Quindi vi si dovranno inserire, per esempio,
tra le attività:
beni immobili (case, terreni);
beni mobili (arredamento, gioielli);
crediti verso le banche (saldo attivo dei conti correnti);
investimenti (azioni, obbligazioni, etf);
tra le passività:
debiti verso l’agenzia delle entrate (per iva, redditi);
debiti verso l’Inps;
debiti verso le banche (saldo negativo dei conti correnti, mutui, fidi, finanziamenti);
debiti verso fornitori.
Come fare l’inventario dell’eredità
L’inventario è un atto giuridico a forma vincolata.
La forma in cui dovrà essere redatto è quella dell’atto pubblico, che potrà essere stilato da un pubblico ufficiale, che è o un notaio oppure il cancelliere del tribunale competente per l’eredità di cui si tratta (art. 484 c.c.).

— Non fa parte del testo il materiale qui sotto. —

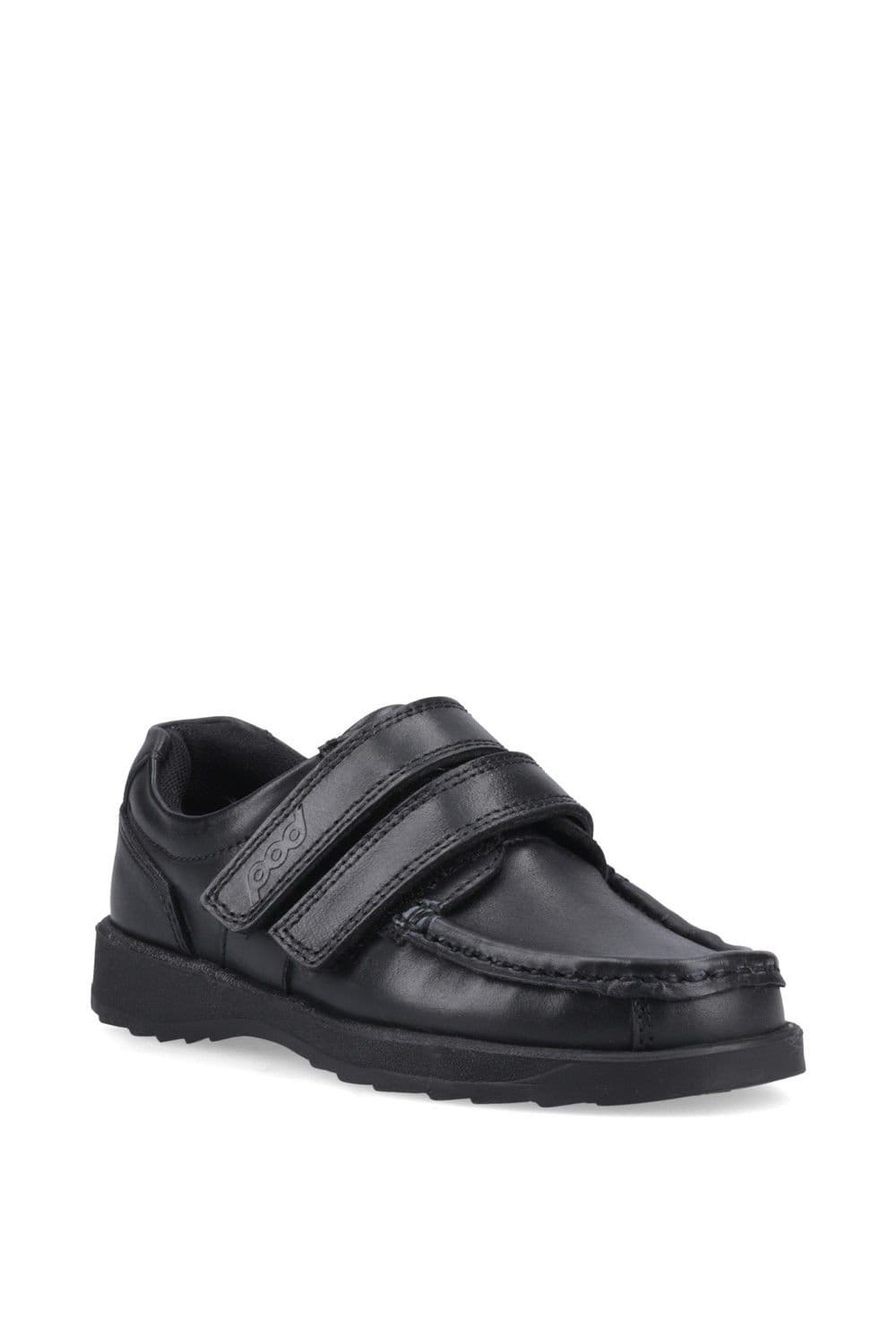 Pod Pod Men's Aran Shoes in Black - 1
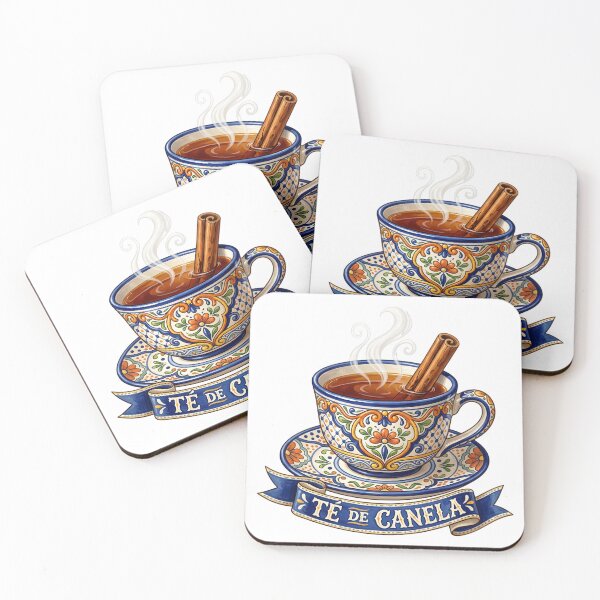 Item preview, Té de Canela (Cinnamon Tea) designed and sold by Sassy Geezer.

Per la scelta del pubblico ufficiale più idoneo allo scopo, si dovrà considerare che il costo del notaio è molto più elevato, ma i tempi della sua esecuzione sono anche molto più ridotti rispetto al tribunale: in pratica l’interessato potrà decidere considerando se è più importante il costo o il tempo per ottenere l’inventario.
Inoltre in tribunale il soggetto interessato dovrà farsi parte attiva per prendere gli appuntamenti necessari e svolgere i pagamenti, attività che di solito preferisce delegare a un avvocato specializzato in successioni.
Termine entro cui il minore può accettare l’eredità con l’inventario
Il termine entro cui il minore può accettare l’eredità col beneficio dell’inventario è di un anno dopo aver raggiunto la maggiore età, quindi in pratica sino al compimento del diciannovesimo anno d’età (art. 489 c.c.).
Questo perché si è voluto assegnare un certo respiro al minore dopo la maggiore età, altrimenti avrebbe dovuto compiere la scelta se accettare o meno l’eredità già prima dei diciotto anni, quindi in un momento in cui non era ancora in grado di farlo.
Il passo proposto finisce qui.